Sunday Mail, June 5th 2016

The EU referendum is so far one of the worst political debates in my lifetime, with no sign of it improving. It is unlikely to descend to the gutter of Trump v. Clinton coming up shortly. But it still leaves a lot to be desired.

The academic Philip Cowley this week compared the referendum to ‘a shit game of football match, with little skill, in the pouring rain, on a Tuesday, but there still has to be a winner.’

There are good arguments for Remain and Leave. Remain can make the case for EU co-operation, the advantages of the single market, the EU’s contribution to peace, prosperity and democracy across the continent, and the importance of stability in an uncertain world.

Leave can put an equally valid case. The EU is the only continent in the world bar Antarctica not experiencing economic growth. It is a declining bloc as a share of world trade (30% in 1980, now 17%); its bureaucratic consensus decision-making make it slow, and it has been unable to deal with such recent crises as Greece and immigration.
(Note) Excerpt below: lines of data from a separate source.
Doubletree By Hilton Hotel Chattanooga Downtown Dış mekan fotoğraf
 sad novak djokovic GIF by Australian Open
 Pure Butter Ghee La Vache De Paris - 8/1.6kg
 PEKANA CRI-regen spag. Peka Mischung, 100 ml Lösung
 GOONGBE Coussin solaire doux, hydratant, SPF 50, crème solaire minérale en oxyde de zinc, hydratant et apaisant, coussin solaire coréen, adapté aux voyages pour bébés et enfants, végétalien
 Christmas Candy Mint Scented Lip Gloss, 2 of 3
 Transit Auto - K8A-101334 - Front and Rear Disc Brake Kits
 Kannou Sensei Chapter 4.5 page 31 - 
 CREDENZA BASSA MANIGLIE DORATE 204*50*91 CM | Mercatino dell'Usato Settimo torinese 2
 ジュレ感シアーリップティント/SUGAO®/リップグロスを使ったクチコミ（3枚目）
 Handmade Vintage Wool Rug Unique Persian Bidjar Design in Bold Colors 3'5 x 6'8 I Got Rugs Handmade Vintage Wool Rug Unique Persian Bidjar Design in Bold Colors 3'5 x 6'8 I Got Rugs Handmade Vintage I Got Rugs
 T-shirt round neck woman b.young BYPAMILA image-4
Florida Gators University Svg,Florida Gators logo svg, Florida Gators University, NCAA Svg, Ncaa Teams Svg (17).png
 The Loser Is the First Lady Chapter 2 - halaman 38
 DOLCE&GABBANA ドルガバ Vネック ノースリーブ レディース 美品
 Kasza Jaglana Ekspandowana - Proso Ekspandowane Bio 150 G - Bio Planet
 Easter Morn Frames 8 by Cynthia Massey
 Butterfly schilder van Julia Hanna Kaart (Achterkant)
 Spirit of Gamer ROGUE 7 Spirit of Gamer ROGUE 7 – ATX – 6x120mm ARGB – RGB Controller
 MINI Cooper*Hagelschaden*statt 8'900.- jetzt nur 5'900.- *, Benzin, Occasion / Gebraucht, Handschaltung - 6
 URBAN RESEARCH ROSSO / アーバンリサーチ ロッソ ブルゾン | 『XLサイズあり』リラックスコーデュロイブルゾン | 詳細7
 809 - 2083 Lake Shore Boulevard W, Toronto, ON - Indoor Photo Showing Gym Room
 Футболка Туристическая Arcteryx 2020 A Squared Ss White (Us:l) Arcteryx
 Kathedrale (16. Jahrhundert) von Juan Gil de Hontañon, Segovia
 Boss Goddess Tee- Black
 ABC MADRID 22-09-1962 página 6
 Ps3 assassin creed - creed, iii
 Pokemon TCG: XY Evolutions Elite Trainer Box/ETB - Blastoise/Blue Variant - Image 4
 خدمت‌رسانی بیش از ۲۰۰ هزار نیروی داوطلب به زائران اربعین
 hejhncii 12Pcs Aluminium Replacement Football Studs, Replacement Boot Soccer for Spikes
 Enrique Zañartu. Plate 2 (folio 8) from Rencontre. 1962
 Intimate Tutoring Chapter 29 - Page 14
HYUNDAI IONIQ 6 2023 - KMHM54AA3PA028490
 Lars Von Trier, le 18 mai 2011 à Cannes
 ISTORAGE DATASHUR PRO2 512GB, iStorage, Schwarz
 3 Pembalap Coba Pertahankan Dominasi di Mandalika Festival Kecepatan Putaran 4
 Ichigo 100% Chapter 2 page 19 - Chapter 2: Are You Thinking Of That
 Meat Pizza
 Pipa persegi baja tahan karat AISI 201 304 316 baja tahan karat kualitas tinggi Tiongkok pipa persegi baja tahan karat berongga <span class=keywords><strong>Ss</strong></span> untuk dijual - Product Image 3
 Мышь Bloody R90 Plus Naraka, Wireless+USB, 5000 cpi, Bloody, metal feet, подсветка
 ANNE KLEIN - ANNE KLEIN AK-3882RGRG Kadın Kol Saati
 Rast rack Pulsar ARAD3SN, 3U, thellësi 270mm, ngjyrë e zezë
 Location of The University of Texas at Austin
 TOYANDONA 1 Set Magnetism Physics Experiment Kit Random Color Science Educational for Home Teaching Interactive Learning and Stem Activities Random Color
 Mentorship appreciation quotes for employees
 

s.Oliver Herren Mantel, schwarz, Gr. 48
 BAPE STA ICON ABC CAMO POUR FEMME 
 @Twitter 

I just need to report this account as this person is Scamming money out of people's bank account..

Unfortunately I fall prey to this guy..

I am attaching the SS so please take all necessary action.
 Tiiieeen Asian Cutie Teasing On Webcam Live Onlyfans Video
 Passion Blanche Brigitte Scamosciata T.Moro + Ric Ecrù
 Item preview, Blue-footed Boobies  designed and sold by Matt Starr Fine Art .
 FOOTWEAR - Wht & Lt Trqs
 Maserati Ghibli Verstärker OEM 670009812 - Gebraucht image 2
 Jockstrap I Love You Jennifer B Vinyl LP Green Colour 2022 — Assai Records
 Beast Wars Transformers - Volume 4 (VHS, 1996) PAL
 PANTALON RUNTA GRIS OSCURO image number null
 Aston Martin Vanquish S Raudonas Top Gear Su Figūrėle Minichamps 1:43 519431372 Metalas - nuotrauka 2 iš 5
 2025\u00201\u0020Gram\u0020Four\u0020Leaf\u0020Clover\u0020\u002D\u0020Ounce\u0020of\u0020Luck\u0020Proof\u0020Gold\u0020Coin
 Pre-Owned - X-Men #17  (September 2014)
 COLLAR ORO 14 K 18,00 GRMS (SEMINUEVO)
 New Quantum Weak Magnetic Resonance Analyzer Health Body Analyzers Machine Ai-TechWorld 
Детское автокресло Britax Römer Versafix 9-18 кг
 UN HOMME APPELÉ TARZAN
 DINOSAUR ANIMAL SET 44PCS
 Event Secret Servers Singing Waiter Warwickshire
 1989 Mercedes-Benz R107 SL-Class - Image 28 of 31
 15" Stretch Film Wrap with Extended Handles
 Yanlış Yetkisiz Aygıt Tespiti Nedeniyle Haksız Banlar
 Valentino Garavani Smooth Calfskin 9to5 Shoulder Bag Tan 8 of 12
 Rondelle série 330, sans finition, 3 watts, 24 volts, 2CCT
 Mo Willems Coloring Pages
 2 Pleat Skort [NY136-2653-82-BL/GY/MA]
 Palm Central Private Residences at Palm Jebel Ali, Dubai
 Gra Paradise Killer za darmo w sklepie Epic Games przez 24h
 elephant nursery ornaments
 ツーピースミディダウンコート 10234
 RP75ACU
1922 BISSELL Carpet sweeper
What kind of non-debate are we getting? Megaphone diplomacy, Armageddon threats, and a birdbrain history of Churchill versus Hitler. Some claim Churchill as a Brexiter, while Boris Johnson has signed up Hitler, along with Napoleon, as avid Europeans.

Both sides are telling porkies. Remain have said leaving the EU would trash the economy, raise the prospect of a technical recession, and reduce living standards. All of us could lose £4,300 per household per year, while house prices could fall by 18%. Central to these alarmist projections has been the debased role of the UK Treasury, who have already been down this route in the indyref.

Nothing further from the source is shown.